Different style, common goal between candidates

Published September 2, 2006

For Charles Gerdes, running for a seat in the state House is a little like fighting City Hall - or at least one well-financed piece of it.

Gerdes, a commercial litigator, is outraised and outspent 5-1 by opponent Rick Kriseman in the Democratic primary for House District 53.

Kriseman, a six-year St. Petersburg City Council member, has TV commercials. His Web site sells T-shirts, coffee mugs, refrigerator magnets and even a doggie T-shirt emblazoned with his green and white campaign logo. (The organic cotton T-shirt alone is $20.)

Gerdes has neighborhood association picnics. The only airwaves he has are the supporters who wave his signs in the air on street corners.

As of Friday, Kriseman had pulled in $121,731 in contributions and spent $112,041. Gerdes has raised $21,495 and spent $20,951.

The difference in their finances represents why Gerdes says he's running in the first place.

"The people's voice isn't being heard and the people's work isn't being done," Gerdes said.

For his part, Kriseman said his campaign machinery is evidence of his ability to get things done.

"I'm pragmatic. I get things accomplished. I'm able to work with the other side," Kriseman said.

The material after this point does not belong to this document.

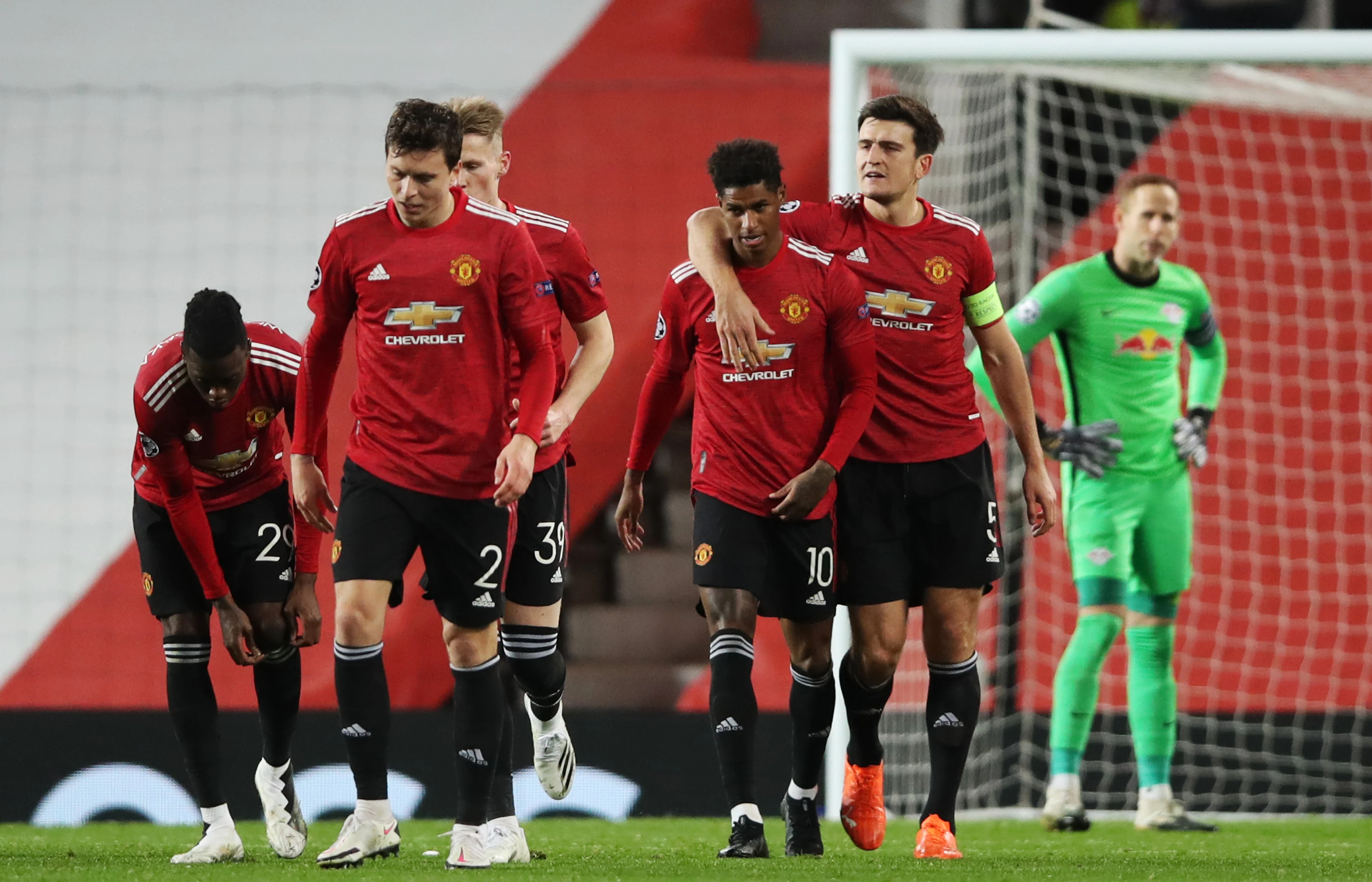 Manchester United dominirao u drugom kolu; Hat-trick Rashforda
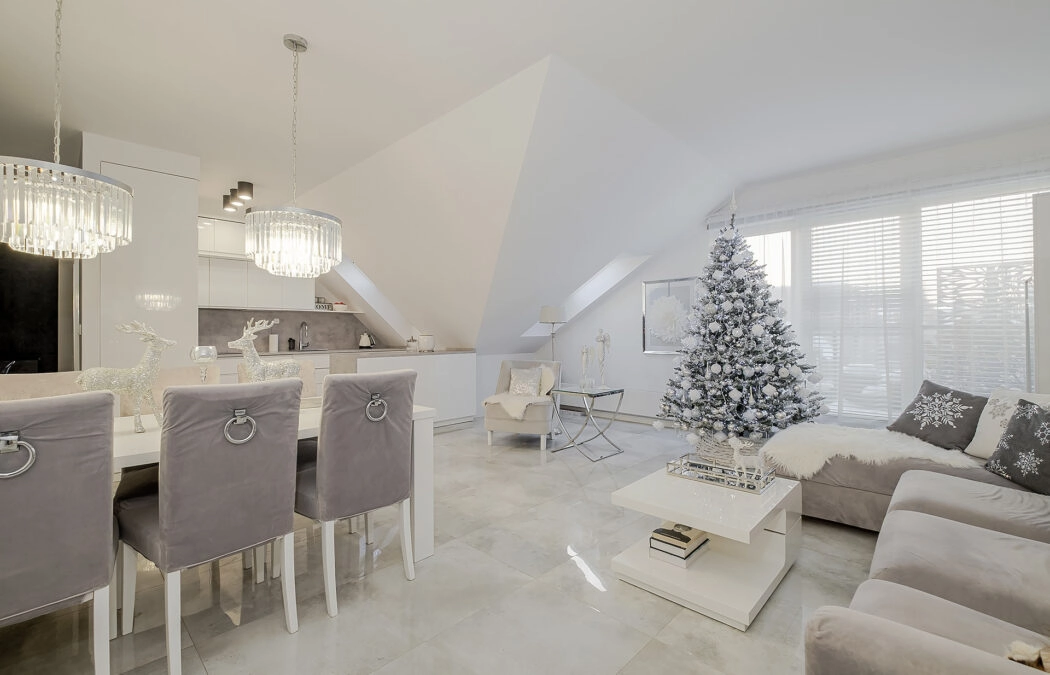 Piękne 4 pokoje kameralnie w Centrum Gdańska 90m2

The two men are running for the seat left vacant by Rep. Charlie Justice, who's termed out and is running for state Senate. District 53 is considered a safe seat for Democrats.

The race between Kriseman and Gerdes has been relatively polite.

Gerdes says he's running for a House seat, not against Kriseman.

"If the people choose Rick, then I'll be one of his supporters and if the choose me, I'd hope he'd reciprocate," Gerdes said.

Kriseman said Gerdes can count on it.